● Assignment:
Word for word, please restate the line containing "Used 2018 Volvo" and all the lines that follow it to the end of the data.

(Stored data entries)
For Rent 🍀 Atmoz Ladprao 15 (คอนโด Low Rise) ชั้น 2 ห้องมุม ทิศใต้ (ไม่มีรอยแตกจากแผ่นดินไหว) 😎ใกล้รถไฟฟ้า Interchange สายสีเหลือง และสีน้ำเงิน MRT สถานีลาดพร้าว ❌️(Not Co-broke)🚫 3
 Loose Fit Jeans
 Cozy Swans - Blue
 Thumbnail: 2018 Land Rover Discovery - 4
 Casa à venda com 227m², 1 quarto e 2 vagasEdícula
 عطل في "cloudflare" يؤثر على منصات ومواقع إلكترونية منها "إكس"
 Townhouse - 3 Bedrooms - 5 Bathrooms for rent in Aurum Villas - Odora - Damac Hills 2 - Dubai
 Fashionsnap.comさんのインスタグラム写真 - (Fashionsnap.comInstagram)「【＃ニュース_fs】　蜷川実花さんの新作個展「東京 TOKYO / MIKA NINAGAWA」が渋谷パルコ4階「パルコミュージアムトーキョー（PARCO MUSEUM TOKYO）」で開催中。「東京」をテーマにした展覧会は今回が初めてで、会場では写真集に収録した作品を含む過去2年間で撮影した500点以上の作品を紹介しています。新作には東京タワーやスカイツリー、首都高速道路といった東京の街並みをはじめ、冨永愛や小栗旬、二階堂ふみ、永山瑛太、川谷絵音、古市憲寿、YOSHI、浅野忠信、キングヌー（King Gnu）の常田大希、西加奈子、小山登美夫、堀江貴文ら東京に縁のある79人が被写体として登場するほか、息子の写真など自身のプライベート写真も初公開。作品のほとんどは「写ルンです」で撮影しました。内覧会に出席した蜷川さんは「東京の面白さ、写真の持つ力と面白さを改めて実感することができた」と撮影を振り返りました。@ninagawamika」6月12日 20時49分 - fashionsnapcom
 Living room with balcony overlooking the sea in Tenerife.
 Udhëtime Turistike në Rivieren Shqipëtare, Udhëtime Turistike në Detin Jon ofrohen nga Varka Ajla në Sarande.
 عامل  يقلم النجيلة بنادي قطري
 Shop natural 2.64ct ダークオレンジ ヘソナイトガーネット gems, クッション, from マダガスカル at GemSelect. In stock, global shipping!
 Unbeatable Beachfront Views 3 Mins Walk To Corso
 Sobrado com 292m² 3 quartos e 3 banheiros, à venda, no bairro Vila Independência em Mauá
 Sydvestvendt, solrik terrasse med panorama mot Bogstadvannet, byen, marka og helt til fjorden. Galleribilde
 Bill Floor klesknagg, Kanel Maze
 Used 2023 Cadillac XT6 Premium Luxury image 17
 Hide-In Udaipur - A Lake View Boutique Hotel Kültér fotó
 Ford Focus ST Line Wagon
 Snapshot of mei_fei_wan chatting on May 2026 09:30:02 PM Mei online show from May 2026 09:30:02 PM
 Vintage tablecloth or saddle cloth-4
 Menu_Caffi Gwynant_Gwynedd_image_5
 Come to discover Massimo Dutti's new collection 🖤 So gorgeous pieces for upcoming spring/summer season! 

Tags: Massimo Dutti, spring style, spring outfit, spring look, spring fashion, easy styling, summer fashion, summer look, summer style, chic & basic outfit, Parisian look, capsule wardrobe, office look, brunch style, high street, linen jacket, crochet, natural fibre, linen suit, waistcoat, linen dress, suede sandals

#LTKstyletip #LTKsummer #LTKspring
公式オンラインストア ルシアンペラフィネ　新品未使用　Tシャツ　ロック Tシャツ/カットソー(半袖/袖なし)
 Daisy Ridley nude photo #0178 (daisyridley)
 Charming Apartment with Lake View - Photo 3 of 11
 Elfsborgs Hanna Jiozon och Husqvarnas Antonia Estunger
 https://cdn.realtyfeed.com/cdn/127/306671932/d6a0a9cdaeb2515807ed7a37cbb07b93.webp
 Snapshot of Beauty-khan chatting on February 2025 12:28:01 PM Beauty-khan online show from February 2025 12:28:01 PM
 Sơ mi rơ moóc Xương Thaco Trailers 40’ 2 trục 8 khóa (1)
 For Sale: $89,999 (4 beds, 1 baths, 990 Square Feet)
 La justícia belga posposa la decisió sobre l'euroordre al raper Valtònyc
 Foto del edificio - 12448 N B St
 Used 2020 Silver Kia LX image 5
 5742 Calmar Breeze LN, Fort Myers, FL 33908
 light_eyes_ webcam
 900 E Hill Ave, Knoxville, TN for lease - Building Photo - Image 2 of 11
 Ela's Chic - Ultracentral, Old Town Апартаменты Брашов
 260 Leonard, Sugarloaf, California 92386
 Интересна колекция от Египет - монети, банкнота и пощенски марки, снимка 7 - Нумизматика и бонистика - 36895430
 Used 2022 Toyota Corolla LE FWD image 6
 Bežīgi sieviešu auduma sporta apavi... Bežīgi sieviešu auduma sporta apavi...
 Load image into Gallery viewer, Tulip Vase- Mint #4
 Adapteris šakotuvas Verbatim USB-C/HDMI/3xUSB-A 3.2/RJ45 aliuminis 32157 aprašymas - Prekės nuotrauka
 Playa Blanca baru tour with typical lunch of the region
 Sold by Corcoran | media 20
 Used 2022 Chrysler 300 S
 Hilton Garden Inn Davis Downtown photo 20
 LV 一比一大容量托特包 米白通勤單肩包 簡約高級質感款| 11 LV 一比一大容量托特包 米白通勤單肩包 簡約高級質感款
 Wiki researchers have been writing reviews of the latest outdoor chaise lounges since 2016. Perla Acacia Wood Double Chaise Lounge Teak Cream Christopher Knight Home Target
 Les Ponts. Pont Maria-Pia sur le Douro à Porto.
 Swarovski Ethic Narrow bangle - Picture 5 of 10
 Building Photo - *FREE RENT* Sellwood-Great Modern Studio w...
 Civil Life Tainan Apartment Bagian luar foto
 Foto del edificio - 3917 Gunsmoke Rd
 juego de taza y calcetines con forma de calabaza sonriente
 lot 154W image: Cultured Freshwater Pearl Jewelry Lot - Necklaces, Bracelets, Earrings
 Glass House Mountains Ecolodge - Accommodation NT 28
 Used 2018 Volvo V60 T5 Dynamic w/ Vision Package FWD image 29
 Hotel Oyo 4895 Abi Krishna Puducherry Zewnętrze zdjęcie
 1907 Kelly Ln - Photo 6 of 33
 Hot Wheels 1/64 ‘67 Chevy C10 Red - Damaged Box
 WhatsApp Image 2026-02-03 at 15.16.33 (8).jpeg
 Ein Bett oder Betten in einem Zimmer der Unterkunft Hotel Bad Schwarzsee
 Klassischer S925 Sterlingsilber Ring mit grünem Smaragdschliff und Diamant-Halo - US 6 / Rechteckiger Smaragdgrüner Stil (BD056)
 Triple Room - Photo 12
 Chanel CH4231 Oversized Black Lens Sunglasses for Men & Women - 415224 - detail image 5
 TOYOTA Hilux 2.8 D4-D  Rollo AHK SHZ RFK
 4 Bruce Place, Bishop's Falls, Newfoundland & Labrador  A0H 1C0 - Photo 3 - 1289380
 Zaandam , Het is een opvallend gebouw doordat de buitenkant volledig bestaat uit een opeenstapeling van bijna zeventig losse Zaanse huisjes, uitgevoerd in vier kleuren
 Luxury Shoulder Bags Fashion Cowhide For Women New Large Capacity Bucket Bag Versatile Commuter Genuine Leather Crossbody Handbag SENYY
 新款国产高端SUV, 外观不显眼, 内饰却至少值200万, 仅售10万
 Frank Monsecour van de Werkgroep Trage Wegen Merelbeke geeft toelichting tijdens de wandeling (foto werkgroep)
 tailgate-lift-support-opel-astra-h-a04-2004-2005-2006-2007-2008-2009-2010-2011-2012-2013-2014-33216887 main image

● Reply:
 Used 2018 Volvo V60 T5 Dynamic w/ Vision Package FWD image 29
 Hotel Oyo 4895 Abi Krishna Puducherry Zewnętrze zdjęcie
 1907 Kelly Ln - Photo 6 of 33
 Hot Wheels 1/64 ‘67 Chevy C10 Red - Damaged Box
 WhatsApp Image 2026-02-03 at 15.16.33 (8).jpeg
 Ein Bett oder Betten in einem Zimmer der Unterkunft Hotel Bad Schwarzsee
 Klassischer S925 Sterlingsilber Ring mit grünem Smaragdschliff und Diamant-Halo - US 6 / Rechteckiger Smaragdgrüner Stil (BD056)
 Triple Room - Photo 12
 Chanel CH4231 Oversized Black Lens Sunglasses for Men & Women - 415224 - detail image 5
 TOYOTA Hilux 2.8 D4-D  Rollo AHK SHZ RFK
 4 Bruce Place, Bishop's Falls, Newfoundland & Labrador  A0H 1C0 - Photo 3 - 1289380
 Zaandam , Het is een opvallend gebouw doordat de buitenkant volledig bestaat uit een opeenstapeling van bijna zeventig losse Zaanse huisjes, uitgevoerd in vier kleuren
 Luxury Shoulder Bags Fashion Cowhide For Women New Large Capacity Bucket Bag Versatile Commuter Genuine Leather Crossbody Handbag SENYY
 新款国产高端SUV, 外观不显眼, 内饰却至少值200万, 仅售10万
 Frank Monsecour van de Werkgroep Trage Wegen Merelbeke geeft toelichting tijdens de wandeling (foto werkgroep)
 tailgate-lift-support-opel-astra-h-a04-2004-2005-2006-2007-2008-2009-2010-2011-2012-2013-2014-33216887 main image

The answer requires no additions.